If you asked her back then what she’d be doing in 10 years, it’s unlikely that she’d reply that she had plans to teach Spanish. In Panama. In her very own school.

“I could never have imagined that,” Ingrid, 27, the daughter of Lana Svien of Vermillion and Ron Senne of Rapid City said during a phone conversation from her home in Pedasi, Panama.

Ingrid continued her studies after her 2003 graduation from VHS at the University of California – Santa Cruz, where she majored in Spanish and Portuguese linguistics. After those studies were complete, she joined her then-boyfriend, now husband, Roy Caduri, in Panama.

“We did long distance, back and forth for awhile, and then I just ended up moving down to Panama, and I had no idea what I’d be doing here,” she said. “But, I did have a degree in Spanish, and as it turns out, there are a lot of foreigners who move here who don’t speak Spanish.

“There was a niche market for Spanish classes, and that’s how I got into it,” Ingrid said.

At first, Ingrid would simply visit the homes of her students to offer them lessons in Spanish.

“But I just really got tired of walking around with a bag full of books to people’s houses, so I decided to just open a school,” she said.

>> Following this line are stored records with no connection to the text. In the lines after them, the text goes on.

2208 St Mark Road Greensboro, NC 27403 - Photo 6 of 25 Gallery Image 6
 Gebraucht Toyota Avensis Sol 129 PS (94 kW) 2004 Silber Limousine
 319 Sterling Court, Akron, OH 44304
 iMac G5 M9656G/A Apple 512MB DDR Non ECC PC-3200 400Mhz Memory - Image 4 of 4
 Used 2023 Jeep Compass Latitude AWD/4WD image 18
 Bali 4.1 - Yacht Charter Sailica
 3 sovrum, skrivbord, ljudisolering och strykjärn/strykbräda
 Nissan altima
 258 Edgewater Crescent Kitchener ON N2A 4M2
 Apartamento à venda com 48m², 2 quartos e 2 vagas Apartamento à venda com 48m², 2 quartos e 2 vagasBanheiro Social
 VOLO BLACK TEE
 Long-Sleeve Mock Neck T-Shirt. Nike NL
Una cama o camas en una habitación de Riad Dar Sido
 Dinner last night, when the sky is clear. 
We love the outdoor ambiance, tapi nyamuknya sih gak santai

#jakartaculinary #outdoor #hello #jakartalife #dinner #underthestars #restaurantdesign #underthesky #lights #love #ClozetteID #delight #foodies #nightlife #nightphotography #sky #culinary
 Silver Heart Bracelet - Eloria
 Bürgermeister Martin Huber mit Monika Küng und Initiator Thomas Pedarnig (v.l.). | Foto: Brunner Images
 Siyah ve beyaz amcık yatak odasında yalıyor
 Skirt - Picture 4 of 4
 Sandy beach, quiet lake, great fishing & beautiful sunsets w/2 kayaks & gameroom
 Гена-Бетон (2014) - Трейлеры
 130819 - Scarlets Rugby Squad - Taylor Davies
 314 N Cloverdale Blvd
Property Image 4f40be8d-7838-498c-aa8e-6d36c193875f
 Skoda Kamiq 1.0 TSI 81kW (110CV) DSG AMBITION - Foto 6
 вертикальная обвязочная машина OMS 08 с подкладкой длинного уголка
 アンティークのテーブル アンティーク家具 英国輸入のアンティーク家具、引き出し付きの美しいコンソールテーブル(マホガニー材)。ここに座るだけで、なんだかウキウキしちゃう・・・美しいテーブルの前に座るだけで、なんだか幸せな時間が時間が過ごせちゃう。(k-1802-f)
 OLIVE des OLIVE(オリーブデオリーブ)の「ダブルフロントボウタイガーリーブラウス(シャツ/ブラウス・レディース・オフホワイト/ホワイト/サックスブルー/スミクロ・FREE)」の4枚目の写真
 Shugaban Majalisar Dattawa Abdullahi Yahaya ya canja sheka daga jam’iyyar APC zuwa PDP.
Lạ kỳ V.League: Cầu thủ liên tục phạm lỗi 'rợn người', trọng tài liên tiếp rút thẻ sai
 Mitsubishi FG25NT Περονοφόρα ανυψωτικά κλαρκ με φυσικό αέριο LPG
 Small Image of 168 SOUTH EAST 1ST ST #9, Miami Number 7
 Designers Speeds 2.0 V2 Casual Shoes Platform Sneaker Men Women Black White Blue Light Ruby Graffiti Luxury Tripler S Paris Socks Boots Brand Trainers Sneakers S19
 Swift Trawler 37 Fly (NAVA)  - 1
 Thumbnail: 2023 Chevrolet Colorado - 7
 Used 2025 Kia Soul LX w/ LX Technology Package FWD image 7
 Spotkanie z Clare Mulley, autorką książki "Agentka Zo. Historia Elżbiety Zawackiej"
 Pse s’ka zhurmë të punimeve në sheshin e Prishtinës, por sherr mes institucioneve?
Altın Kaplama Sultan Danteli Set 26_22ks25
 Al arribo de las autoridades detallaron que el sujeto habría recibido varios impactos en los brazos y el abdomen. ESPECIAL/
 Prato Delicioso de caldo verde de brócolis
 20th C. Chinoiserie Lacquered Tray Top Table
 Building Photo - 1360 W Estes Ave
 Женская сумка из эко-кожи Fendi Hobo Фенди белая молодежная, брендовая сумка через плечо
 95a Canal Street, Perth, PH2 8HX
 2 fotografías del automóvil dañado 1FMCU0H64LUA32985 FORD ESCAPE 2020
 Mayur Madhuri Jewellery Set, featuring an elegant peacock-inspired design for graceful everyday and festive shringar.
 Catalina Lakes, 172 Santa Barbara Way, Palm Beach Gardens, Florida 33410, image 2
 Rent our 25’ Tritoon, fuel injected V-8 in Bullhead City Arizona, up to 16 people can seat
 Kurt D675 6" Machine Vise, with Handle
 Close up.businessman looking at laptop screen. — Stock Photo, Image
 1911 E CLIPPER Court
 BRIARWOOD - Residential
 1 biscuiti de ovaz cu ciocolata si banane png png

Ingrid is the owner and operator of the Buena Vida Language School, touted as Pedasi’s premier Spanish language school. It opened in August 2011.

“We have three teachers working here, and students from all over the world, really – Canadians, Americans, Israelis, Italians, just to name a few, and we do have English classes now for the local Panamanians,” she said.

The Buena Vida Language School is currently located in a small building in Pedasi that Ingrid leases. On average, the enrollment maintains at approximately 30 students.

“A goal of mine is to eventually build our school and build a nice facility that is designed for a language school,” Ingrid said. “Right now, we work in a house that we’ve converted – we’ve converted the rooms into classrooms, and social areas, but it would be nice to one day build and have a specially-designed school.”

Ingrid’s journey in Spanish education began when she was a student at Vermillion High School. “When I completed all of the classes that were available at VHS, I did go my junior and senior years to USD and took some classes there. I was lucky to have that opportunity,” she said.

She continued that line of study at the University of California – Santa Cruz.

“It (the Spanish language) always just came naturally for me, it always came very easily for me, and it was always something that I really, really enjoyed,” Ingrid said. “Most of all, I really like to help people communicate.

I enjoy it when two cultures are able to communicate because of the help of a bilingual person.

“It’s a people thing – it’s helping people to bridge gaps culturally that I really enjoy about this work,” she said.

Ingrid never loses sight of the unique circumstances that have fully immersed in a career that she loves.

“It is pretty much happenstance. I got really lucky to have this opportunity and to be able to work at something that I truly enjoy,” she said. “I feel fortunate.”